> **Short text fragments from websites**
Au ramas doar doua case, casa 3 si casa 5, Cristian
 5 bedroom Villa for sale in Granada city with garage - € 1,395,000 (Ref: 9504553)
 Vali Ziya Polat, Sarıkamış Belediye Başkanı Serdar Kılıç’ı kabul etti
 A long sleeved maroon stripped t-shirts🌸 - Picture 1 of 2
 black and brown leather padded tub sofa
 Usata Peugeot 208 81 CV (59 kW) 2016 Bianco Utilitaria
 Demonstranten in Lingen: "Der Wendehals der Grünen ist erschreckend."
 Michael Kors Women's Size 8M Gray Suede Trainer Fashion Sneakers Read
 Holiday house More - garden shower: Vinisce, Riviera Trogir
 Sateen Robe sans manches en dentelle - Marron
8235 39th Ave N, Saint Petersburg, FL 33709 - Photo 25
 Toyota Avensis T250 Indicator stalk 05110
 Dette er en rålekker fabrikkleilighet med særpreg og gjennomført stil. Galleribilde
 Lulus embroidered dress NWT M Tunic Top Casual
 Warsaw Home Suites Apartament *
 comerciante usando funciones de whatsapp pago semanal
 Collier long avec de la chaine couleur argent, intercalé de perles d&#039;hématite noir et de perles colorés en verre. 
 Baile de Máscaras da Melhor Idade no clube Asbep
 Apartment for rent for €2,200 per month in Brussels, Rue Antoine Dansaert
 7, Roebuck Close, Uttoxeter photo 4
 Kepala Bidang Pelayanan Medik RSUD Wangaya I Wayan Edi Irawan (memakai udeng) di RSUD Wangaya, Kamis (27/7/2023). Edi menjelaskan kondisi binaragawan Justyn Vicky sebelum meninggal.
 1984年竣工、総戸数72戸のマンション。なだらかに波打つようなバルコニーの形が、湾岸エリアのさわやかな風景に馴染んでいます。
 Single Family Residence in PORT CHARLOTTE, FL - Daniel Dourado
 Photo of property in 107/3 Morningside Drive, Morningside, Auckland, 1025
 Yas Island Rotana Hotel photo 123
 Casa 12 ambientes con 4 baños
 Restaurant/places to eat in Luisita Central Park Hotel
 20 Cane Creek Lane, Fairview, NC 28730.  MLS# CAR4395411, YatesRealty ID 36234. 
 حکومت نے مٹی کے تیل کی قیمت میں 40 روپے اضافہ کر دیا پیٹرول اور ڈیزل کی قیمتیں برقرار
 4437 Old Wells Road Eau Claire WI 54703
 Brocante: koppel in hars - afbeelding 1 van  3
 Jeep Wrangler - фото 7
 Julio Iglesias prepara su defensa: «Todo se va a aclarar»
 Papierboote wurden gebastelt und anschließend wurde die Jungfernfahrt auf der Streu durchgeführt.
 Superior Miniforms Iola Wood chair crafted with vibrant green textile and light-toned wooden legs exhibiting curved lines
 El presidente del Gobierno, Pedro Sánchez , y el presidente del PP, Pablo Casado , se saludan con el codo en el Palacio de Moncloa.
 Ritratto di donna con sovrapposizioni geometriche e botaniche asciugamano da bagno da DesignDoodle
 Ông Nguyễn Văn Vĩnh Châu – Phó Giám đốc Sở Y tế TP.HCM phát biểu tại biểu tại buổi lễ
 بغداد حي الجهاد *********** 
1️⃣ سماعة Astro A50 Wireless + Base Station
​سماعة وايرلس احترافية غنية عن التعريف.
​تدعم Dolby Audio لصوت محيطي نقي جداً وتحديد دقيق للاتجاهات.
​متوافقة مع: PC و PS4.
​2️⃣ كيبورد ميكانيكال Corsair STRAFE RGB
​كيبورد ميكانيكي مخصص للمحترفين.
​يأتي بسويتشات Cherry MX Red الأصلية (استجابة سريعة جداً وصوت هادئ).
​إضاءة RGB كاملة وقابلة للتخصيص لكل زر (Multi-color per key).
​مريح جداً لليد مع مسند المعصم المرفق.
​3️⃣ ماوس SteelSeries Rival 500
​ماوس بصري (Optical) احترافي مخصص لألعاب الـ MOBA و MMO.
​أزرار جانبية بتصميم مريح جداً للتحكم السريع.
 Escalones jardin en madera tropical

> **Exercise**
From the records above, return each line that has the string "long".

> **Final answer**
 A long sleeved maroon stripped t-shirts🌸 - Picture 1 of 2
 Collier long avec de la chaine couleur argent, intercalé de perles d&#039;hématite noir et de perles colorés en verre. 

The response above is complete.